Did I mention something about a delayed separation anxiety? I did? Right. Yeah. We’re going through that at the moment. As far as I can remember, all the books say – and I feel I should break in here and say that I have not read a parenting book in about 10 months ever since I decided to chill the heck out and rock my baby to sleep if I damn well pleased – that babies typically go through separation anxiety around nine months, but all babies are different, yada yada yada, look for this behavior any time in the first 27 years of life.
So I am unconcerned that Jack has waited until 14 months to decide that it is unacceptable for me to go to the bathroom by myself even when his dad is right there in the kitchen singing and dancing and showering him with binks. Unconcerned but somewhat drained, because sometimes, a person likes to go to the bathroom all alone. Thankfully, once we are both in the bathroom, Jack is quite content to weigh himself, tell me how he’s not supposed to touch the diaper pail, and pull out every single thing from under the sink. (He’s usually looking for the tampons.)
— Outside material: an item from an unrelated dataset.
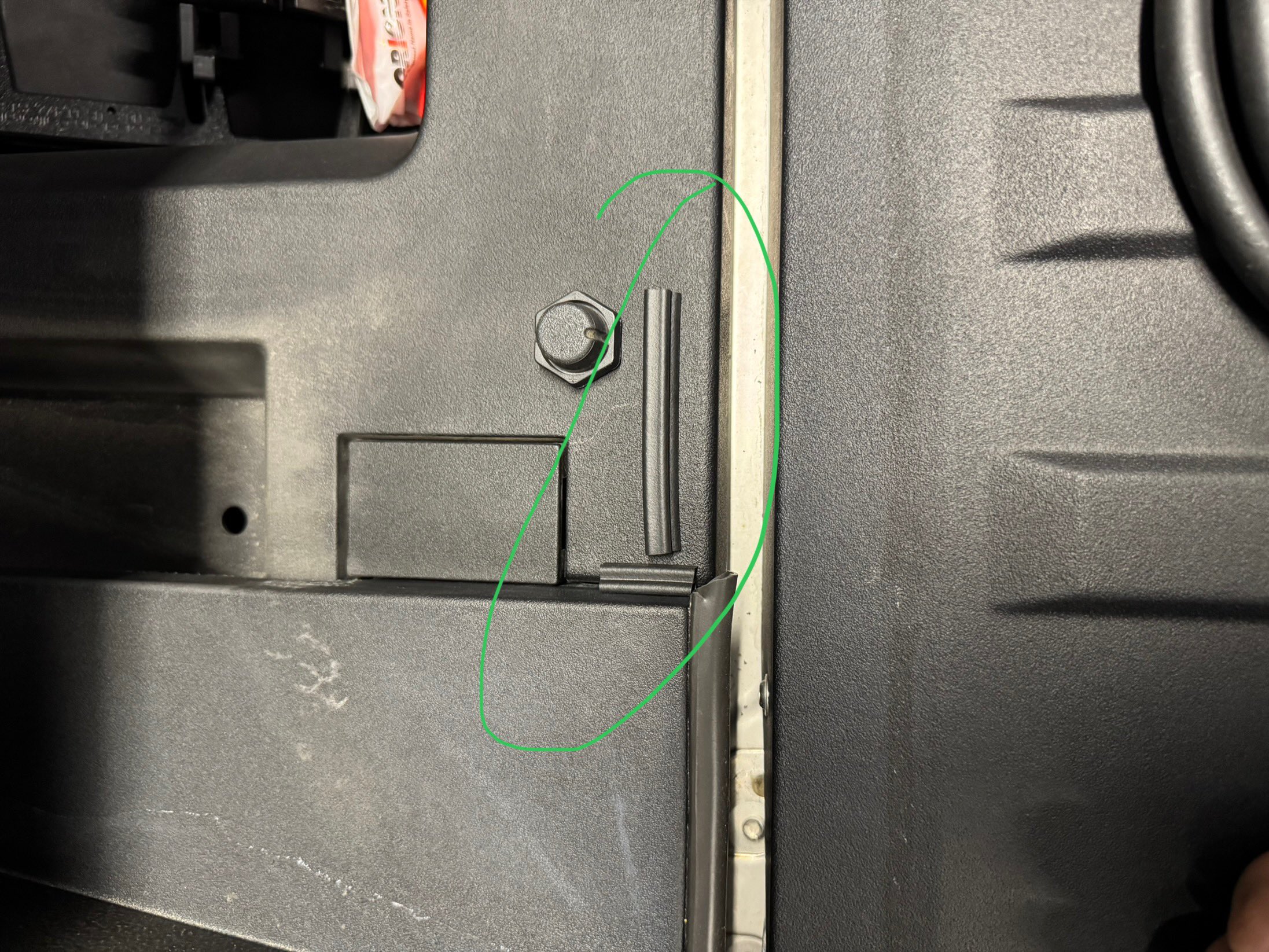 Close-up of smuggler's bay door seal installation point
So I shouldn’t complain. If this is as bad as it gets, I’m getting off pretty easy. Even middle-of-the-night wakings can be handled by Andrew if necessary, thanks to Jack’s penchant for throwing his bink on the floor in a fit of temper. See, he throws it on the floor and then gets really really mad that he doesn’t have a bink. When you give it back to him, he relaxes. Handy, no? Sometimes, babies aren’t so smart.
Speaking of middle-of-the-night wakings, Jack is still bizarre about crying once in his crib. Just last night he woke up soaking wet, and after I had changed him he asked if he could lie down with me on the couch. (Lest you become overly impressed, he “asked” by pointing to the door and whining.) So we did. We lay there on the couch for maybe 25 minutes and it was actually very nice and snuggly. I passed the time by pressing my cheek to his head and marveling at the fact that at this time last year, his entire body fit between my chin and pelvis and I could actually sleep while lying on the couch with him. Now, however, his much longer and heavier frame prevents any actual sleep on my part, and I finally had to return him to his own bed. He was not happy about this. He cried as I scavenged under his crib for extra binks. He wailed as I kissed him good night. He screamed as I left the room and pulled the door shut with a click, at which point he fell completely silent and made nary a peep for the rest of the night.
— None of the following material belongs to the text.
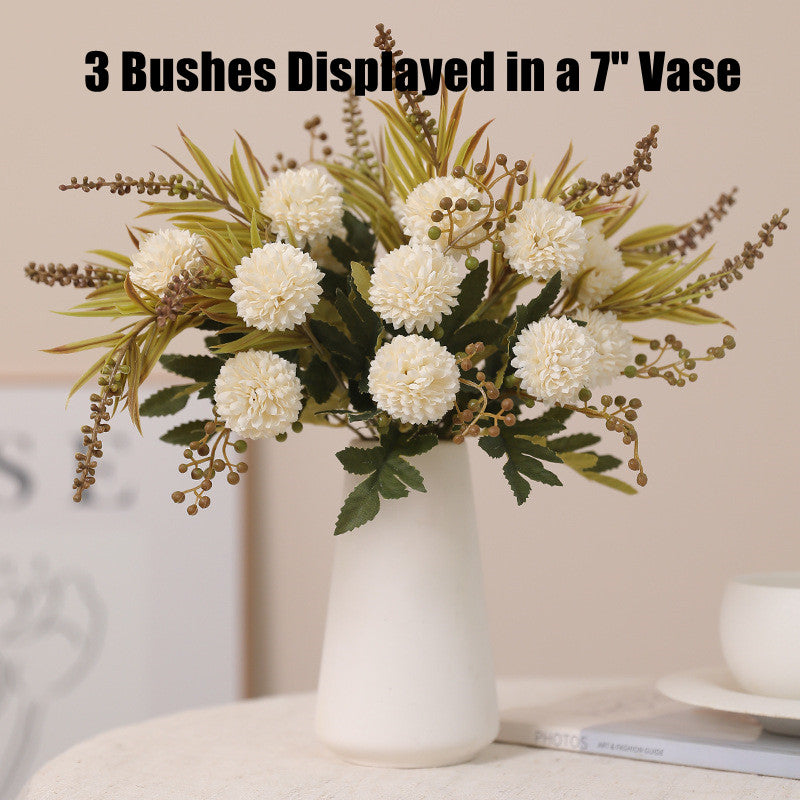 12.5 Inch Artificial Pom Pom Mums Bush, Realistic Silk Fall Flowers, 1 Stem for Autumn Decor, Thanksgiving Tabletop Wreath DIY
This sort of behavior makes it very difficult for me to decide on any given night whether to leave him crying in his crib or not. Sometimes he cries for anywhere from thirty seconds to twenty minutes. Other times he needs me to go in and comfort him. There is no way to tell which way it’s going to go. So what usually happens is that I shut the door and then lie awake watching the clock and thinking, “Go to sleep, go to sleep, go to sleep,” until he does or until I go back in there.
But on the upside, Jack is becoming more charming and personable every day. He says “thank you” in both sign language and verbally (it sounds like “Dah dah,” but with the correct intonation), and often without being prompted. He can now distinguish between a cookie (“keekee”) and a cracker (“go-kuh”). He instigates games. And last week when we were all sick, he saw me lying down on his floor after having given up trying to get him to take a nap, and he brought me his blanket.
You know what? It made me feel better.